Akata Saha1, Tomoyuki Minowa1, Alexander S. Shavkunov1, Avery J. Salmon1, Sunita Keshari1, Kristen E. Pauken1, Kenneth H. Hu1, Ken Chen2, Matthew M. Gubin1

1Immunology, UT MD Anderson Cancer Center, Houston, TX,2Bioinformatics and Computational Biology, UT MD Anderson Cancer Center, Houston, TX

摘要 Abstract

The transcriptional programs that enable CD4 and CD8 T cells to sustain anti-tumor immunity are not fully defined. We investigated the role of the transcriptional regulator Bhlhe40 in shaping CD4 and CD8 T cell responses during anti-PD-1 and anti-CTLA-4 immune checkpoint therapy (ICT). Using conditional knockout mice, we found that anti-PD-1 efficacy depends on CD8 T cell-intrinsic Bhlhe40, with potential contribution from CD4 T cells. In contrast, anti-CTLA-4 relies primarily on CD4 T cell-intrinsic Bhlhe40 and remains effective even without Bhlhe40 in CD8 T cells. Loss of Bhlhe40 skewed CD8 T cells toward TCF-1+ naïve/progenitor exhausted-like states, impairing IFNgamma production, glycolysis, and mitochondrial fitness. CD8 T cell-intrinsic Bhlhe40 was also required for ICT-driven macrophage remodeling from suppressive CX3CR1 + to iNOS + macrophages. Analysis of human cancer datasets showed that BHLHE40 is enriched in tumor-reactive and activated/exhausted CD8 T cells, correlating inversely with TCF7 (TCF-1) and positively with TOX and IFNG . Importantly, higher BHLHE40 expression was observed in responders to ICT in a cohort of patients with basal cell cancer.

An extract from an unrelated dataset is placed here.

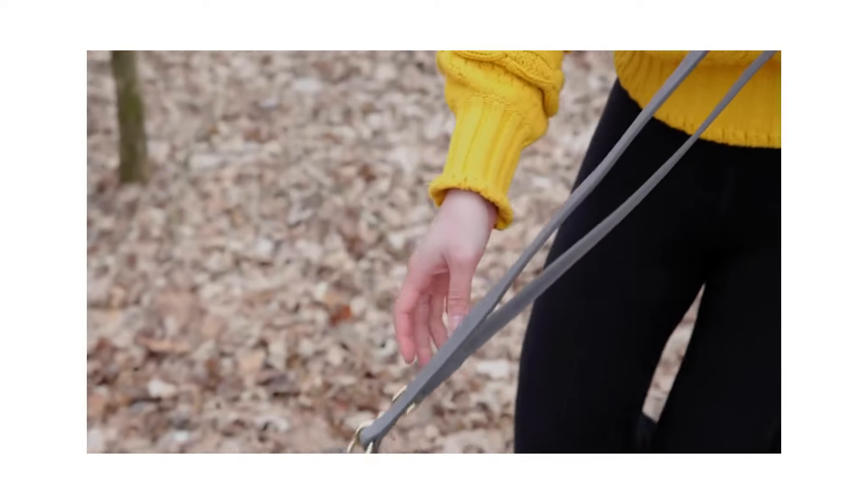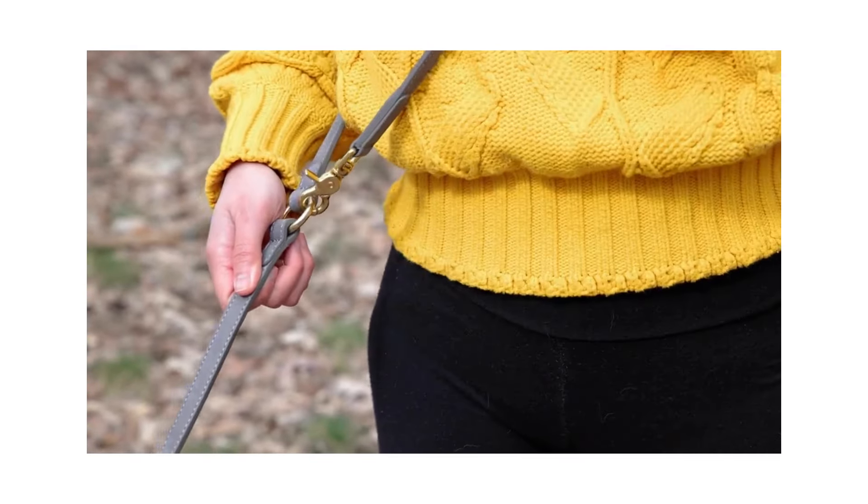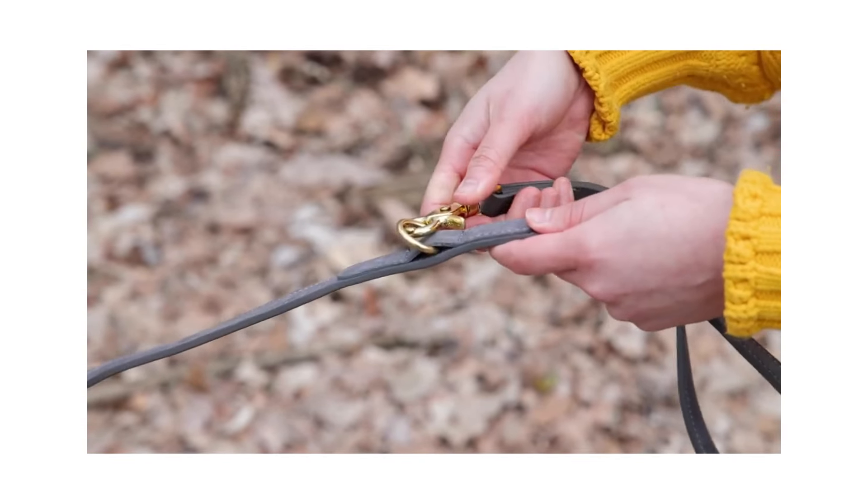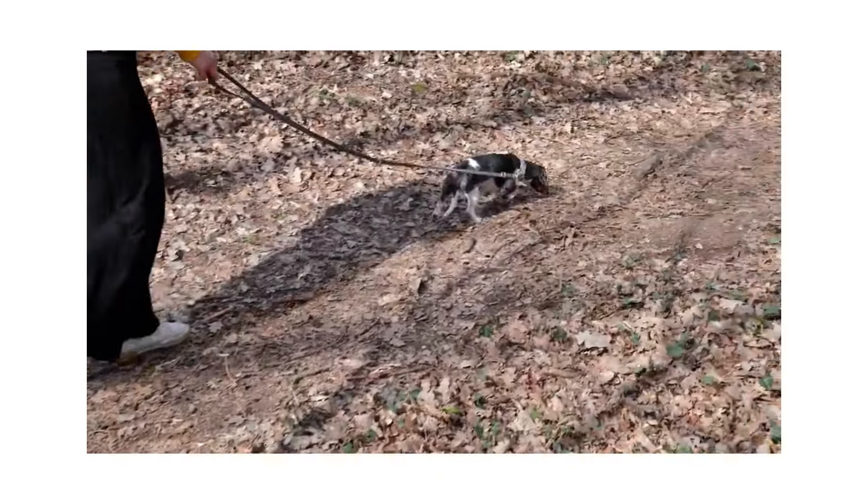The middle ring works wonderfully as a crossbody leash. In addition to the mid-length, as you hook the carabiner to the last ring, you get a long classic half loop leash.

Together, these findings show Bhlhe40 is a subset- and therapy-specific regulator of T cell programs, controlling effector differentiation, metabolism, and ICT efficacy, providing a mechanistic basis for the divergent modes of action of anti-PD-1 versus anti-CTLA-4.
利益披露 Disclosure
A. Saha, None.. T. Minowa, None.. A. S. Shavkunov, None.. A. J. Salmon, None.. S. Keshari, None.. K. E. Pauken, None.. K. H. Hu, None.. K. Chen, None.. M. M. Gubin, None.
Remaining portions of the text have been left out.